> _TASK DETAILS_
What is needed is an exact reproduction of the lines from the one that contains "SLEDWORK® Hundegeschirr Brustgeschirr" through the end of the data, both included and nothing else, with pictures omitted.

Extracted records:
-*-*-

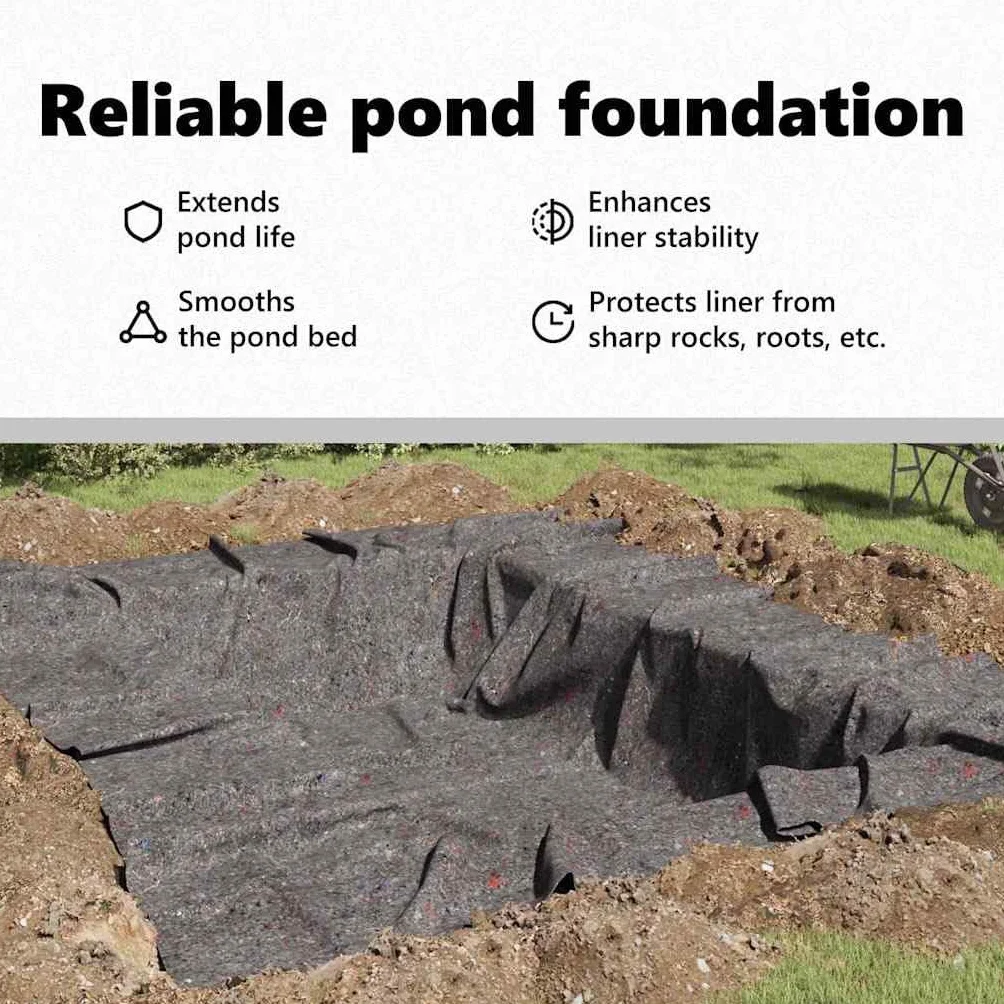 vidaXL Feutre de bassin Gris 1 x 10 m Polyester et coton, Bâche de jardin étanche pour étang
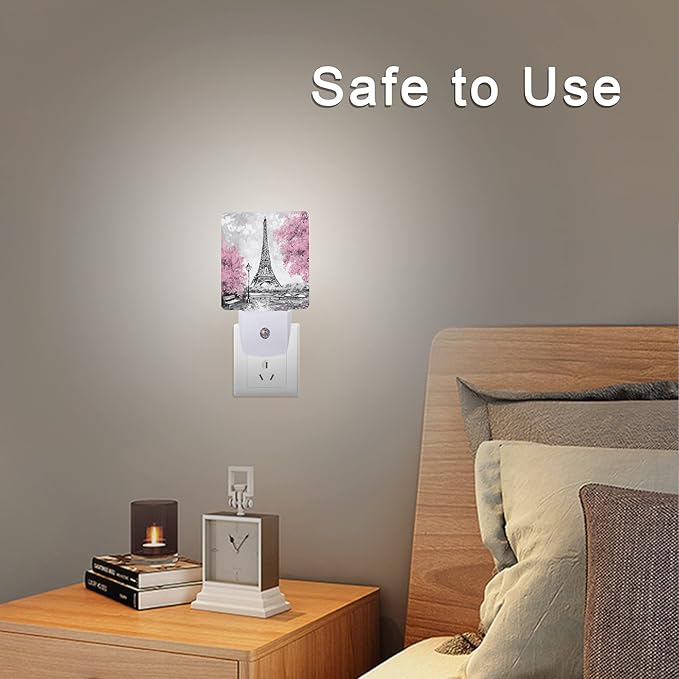 Smoaffly Eiffel Tower Paris Pink Flower Night Light Plug-in LED Nightlights - Image 6
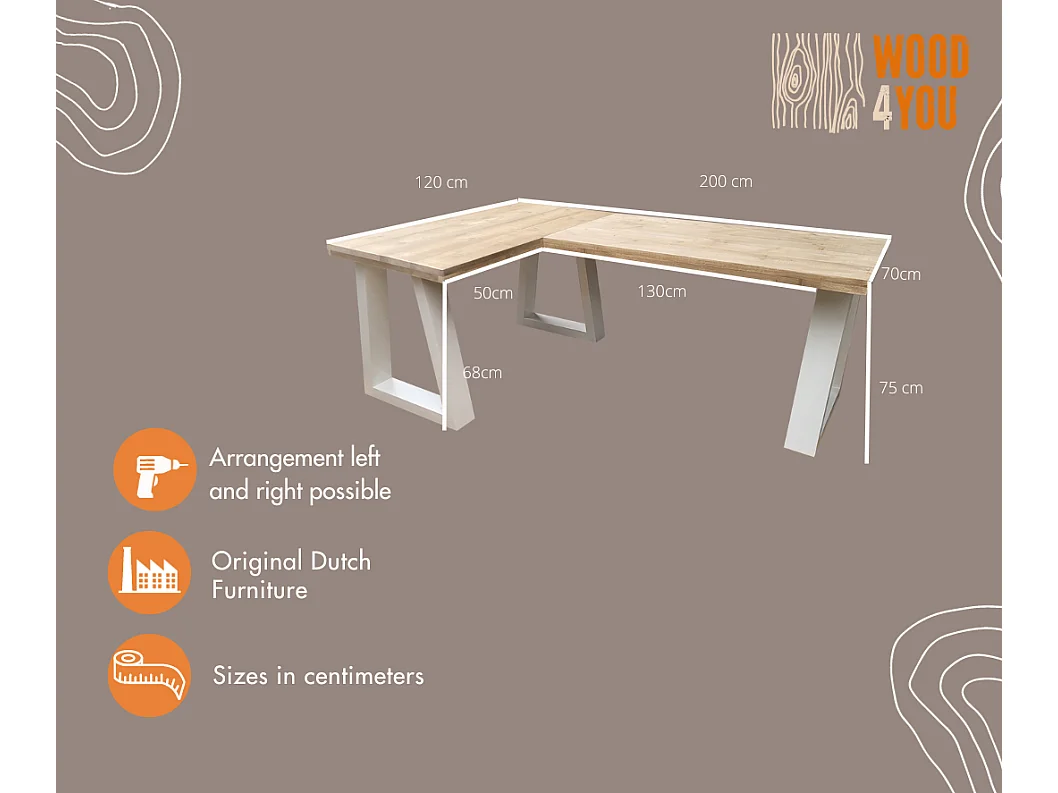 Wood4you - bureau d'angle - vancouver bois d'échafaudage - 200120   blanc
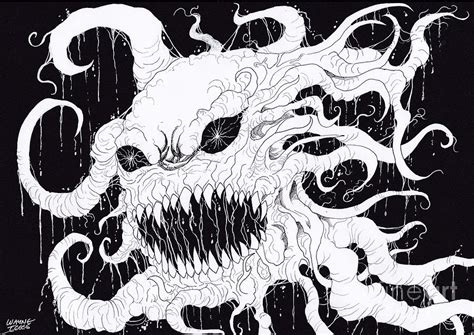 Black And White Demon Ghost Art Drawing By Wayne Tully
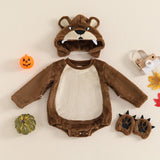 Grizzly Bear Baby Romper Set Jumpsuit with Hat and Gloves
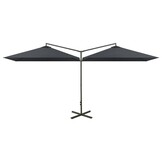 vidaXL Parasol dubbel met stalen paal 600x300 cm antracietkleurig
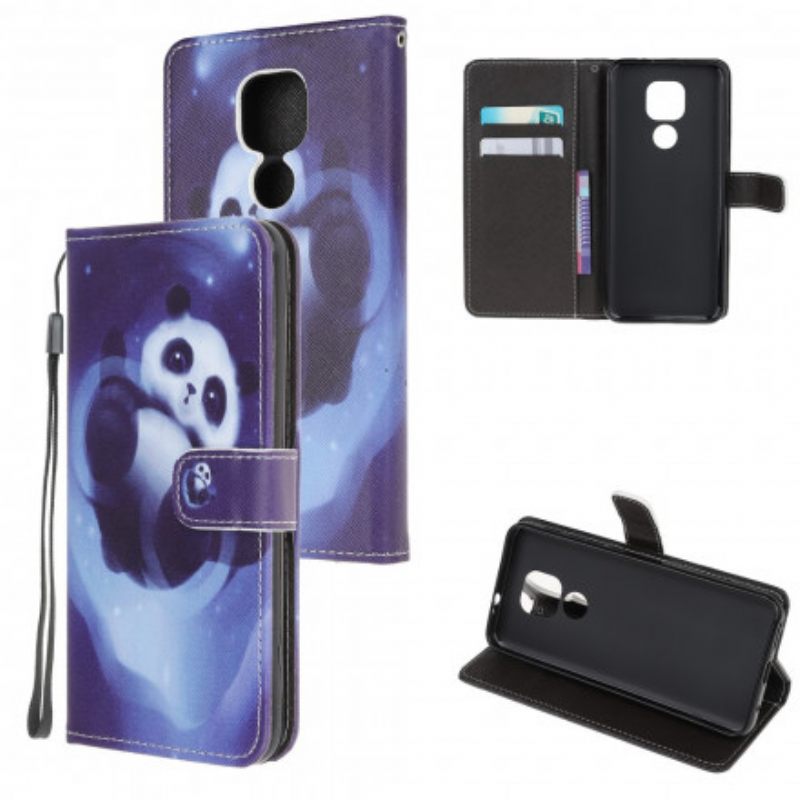 Kotelot Moto G9 Play Suojaketju Kuori Panda Space Lanyard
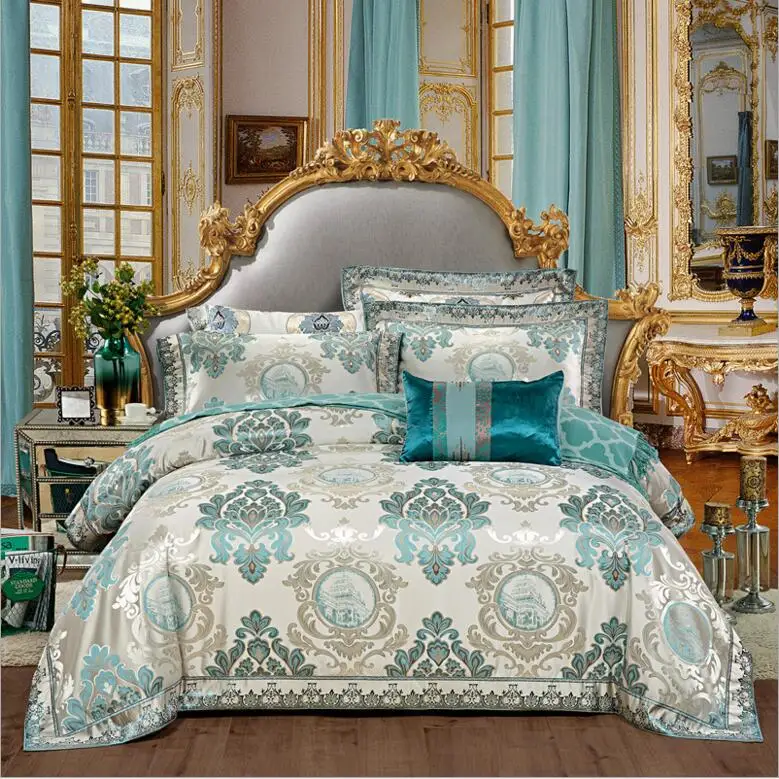 Вышитый пододеяльник набор постельного белья King queen size Восточный жаккард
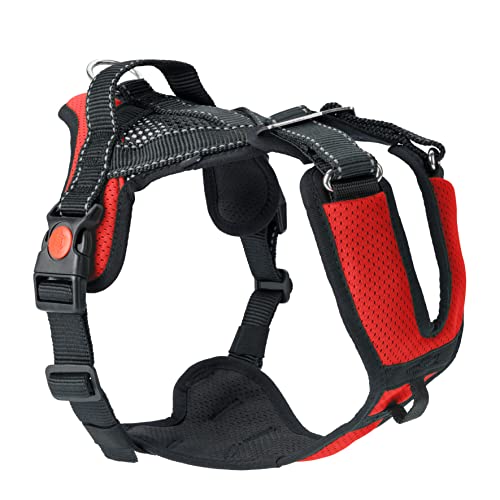 SLEDWORK® Hundegeschirr Brustgeschirr Mountain Pro Harness robust verstellbar atmungsaktiv schnell trocknend reflektierend sportiv für mittlgroße und große Hunde (rot, M) von SLEDWORK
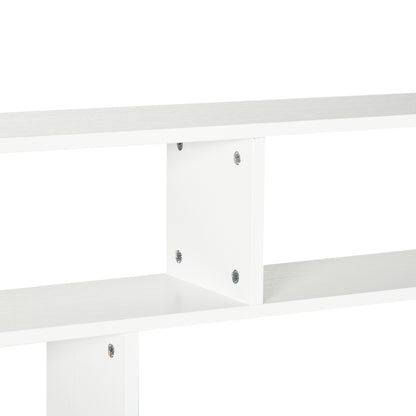 4-Tier Wall Shelf Floating Shelf with 7 Open Compartments for Living Room Bedroom Office Modern Style 94x19.5x80 cm White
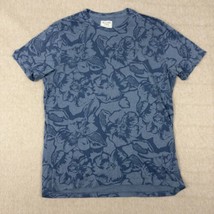 Abercrombie Fitch T-Shirt Men Large Blue Floral Print Cotton Blend Short... - $9.49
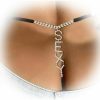 Body Chains | Riymusry Rhinestone Sexy Letters Thong Waist Body Chain Crystal Underpants Belly Waist Chain Crystal Thong G String Body Jewelry For Women (Gold)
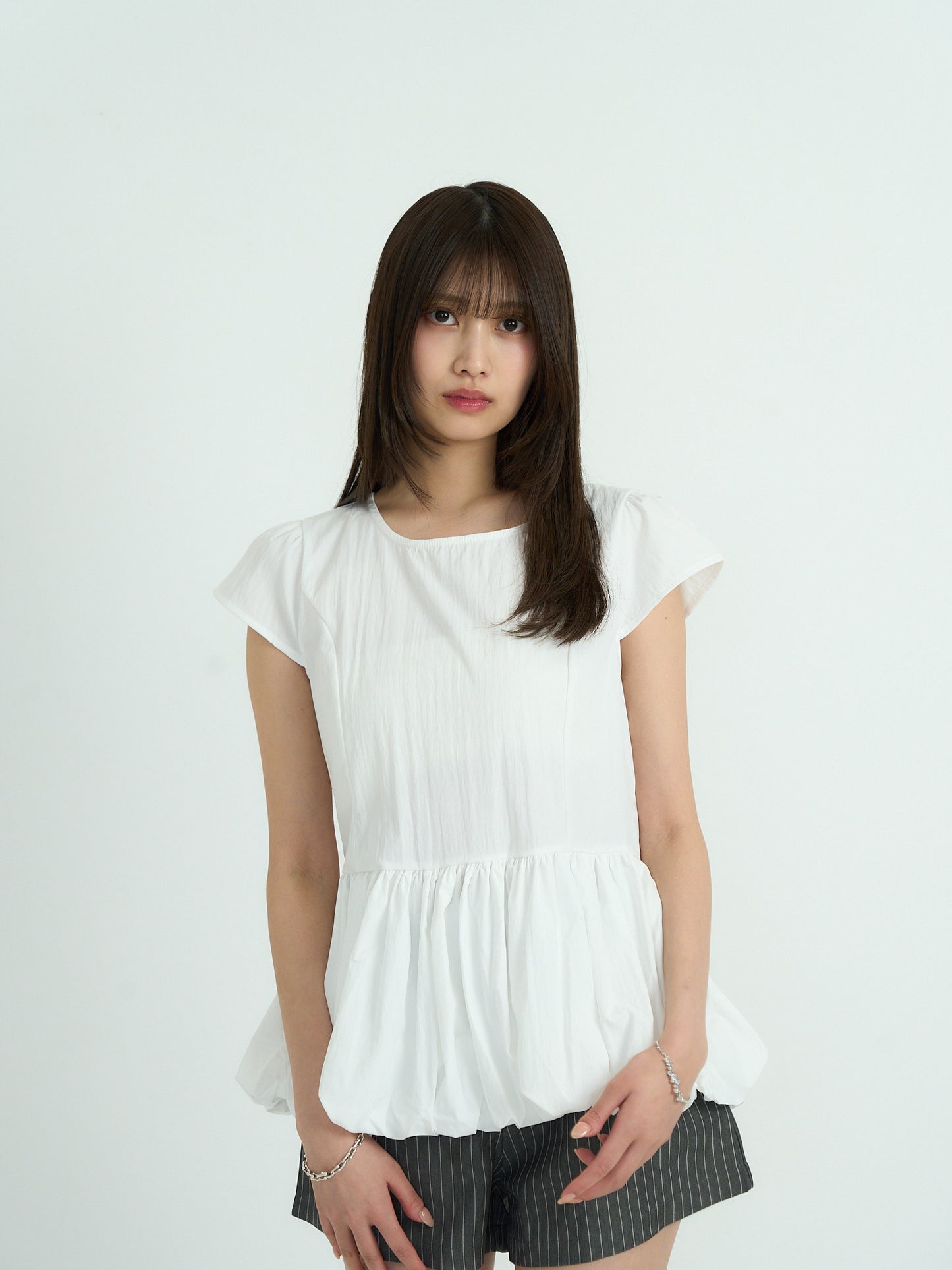 peplum puff sleeve blouse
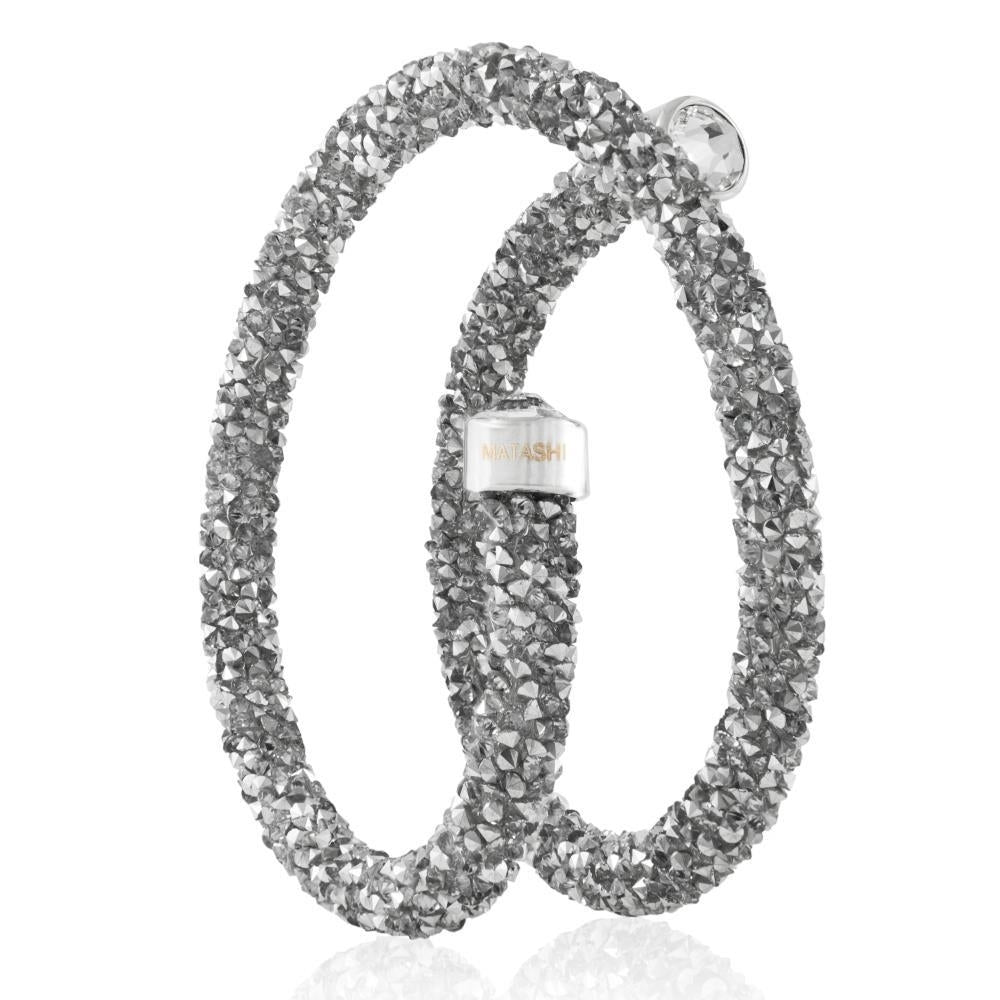 Matashi Silver Krysta Wrap Around Luxurious Crystal Bracelet Image 2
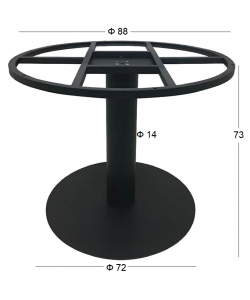 VENUS Φ72X73εκ. ΒΑΣΗ ΜΕΤΑΛΛΙΚΗ (ΑΝΩ ΣΤΕΦΑΝΙ 88εκ.) ΜΑΥΡΗ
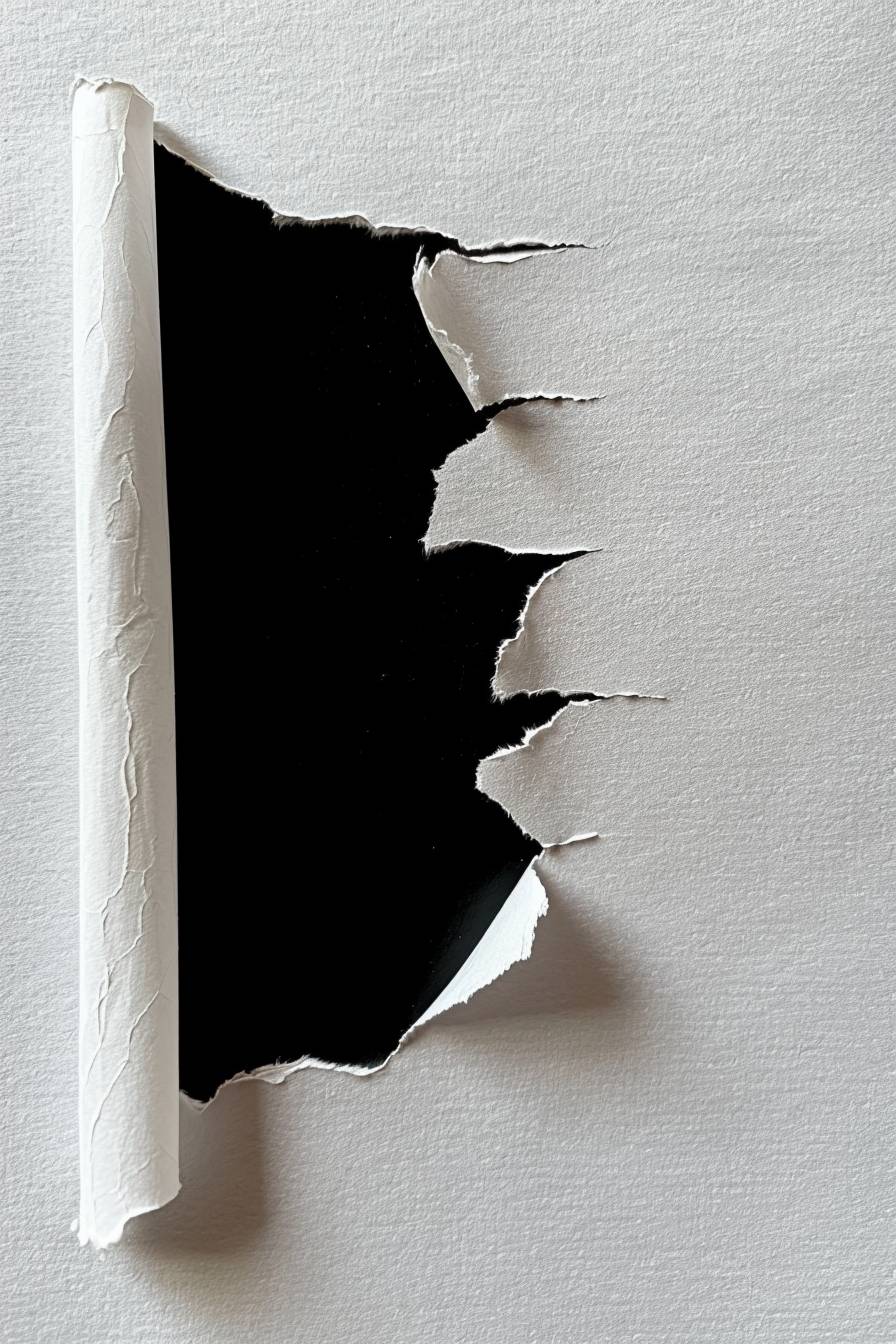 a smooth white paper is torn from the top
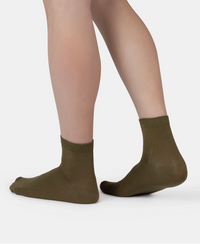 Mercerized Cotton Stretch Ankle Length Socks with StayFresh Treatment - Olive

-*-*-

> _WORKED SOLUTION_
 SLEDWORK® Hundegeschirr Brustgeschirr Mountain Pro Harness robust verstellbar atmungsaktiv schnell trocknend reflektierend sportiv für mittlgroße und große Hunde (rot, M) von SLEDWORK
 4-Tier Wall Shelf Floating Shelf with 7 Open Compartments for Living Room Bedroom Office Modern Style 94x19.5x80 cm White
 Abercrombie Fitch T-Shirt Men Large Blue Floral Print Cotton Blend Short... - $9.49
 Body Chains | Riymusry Rhinestone Sexy Letters Thong Waist Body Chain Crystal Underpants Belly Waist Chain Crystal Thong G String Body Jewelry For Women (Gold)
 peplum puff sleeve blouse
 Matashi Silver Krysta Wrap Around Luxurious Crystal Bracelet Image 2
 VENUS Φ72X73εκ. ΒΑΣΗ ΜΕΤΑΛΛΙΚΗ (ΑΝΩ ΣΤΕΦΑΝΙ 88εκ.) ΜΑΥΡΗ
 a smooth white paper is torn from the top
 Mercerized Cotton Stretch Ankle Length Socks with StayFresh Treatment - Olive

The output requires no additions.